From being 46/3 in a jittery first session, Pujara and Rahane batted with grit and determination under the blazing afternoon heat and energy-sapping humidity.

The duo's stand spanned three hours and nine minutes but the Kiwis made an impact in the final session snapping four wickets.

Pujara was set up brilliantly by left-arm pacer Neil Wagner, who put a short cover for him, and the Indian holed out to Martin Guptill.

However, it was not a good day at his favourite ground for Rohit Sharma (2), who was dismissed by Patel. The right-hander also looked to have hurt his left shoulder while attempting a single.

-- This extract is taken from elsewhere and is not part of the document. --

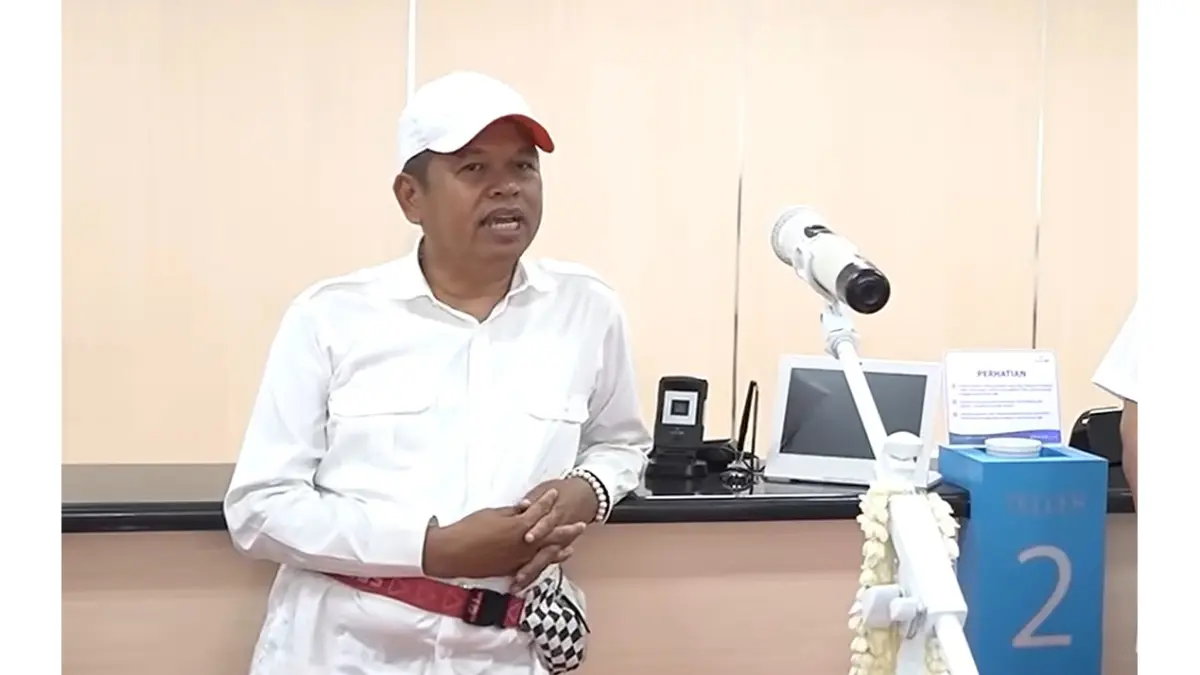 Gubernur Jawa Barat Dedi Mulyadi menyiapkan uang bagi korban KM Virgo (Youtube Kang Dedi Mulyadi Channel)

For the Kiwis, it was a tale of two comeback men as first 24-year-old Henry (3/35), who had replaced their pace spearhead Tim Southee created quite a flutter by removing both the openers -- Shikhar Dhawan (1) and Murali Vijay (9).

Off the second ball of his first over, Henry bowled Dhawan who tried to cut in an angled delivery only to drag the ball back to his stumps. 

Replacing Lokesh Rahul, Dhawan's stint lasted just 10 balls with scorecard reading 1/1 in the second over. Vijay also perished to a beauty from the youngster playing only his fifth Test.

Continuing a rare lean patch, skipper Kohli (9) was steadying the ship with a set Pujara, but Trent Boult (1/33) dismissed the skipper.

Kohli got carried away after an exquisite cover drive that was cheered by the small turnout and went for an IPL-like shot chasing a ball way outside the off-stump to be caught brilliantly by Tom Latham.

The dismissal less than half an before the lunch break disturbed India's recovery plan before Pujara and Rahane held firm in the second session.

Pujara, who played a crucial role with his 62 and 78 in the Kanpur Test, again showed the kind of application needed with his team off a bad start.

After aiding seam movement and offering variable bounce in the morning, the pitch turned slower on a sultry afternoon, offering occasional turn. However Pujara and Rahane batted sensibly to resurrect the innings.

They were never in a hurry and played according to the merit of the ball, collecting timely boundaries in the process.

Giving him a able support at the other end was Rahane, who hit 11 fours in his 157-ball stay at the crease. Rahane's resolute knock came to and end when Patel trapped him LBW with India exactly at 200.

Down the order, Ravichandran Ashwin played a useful knock of 26 that was laced with four hits to the boundary.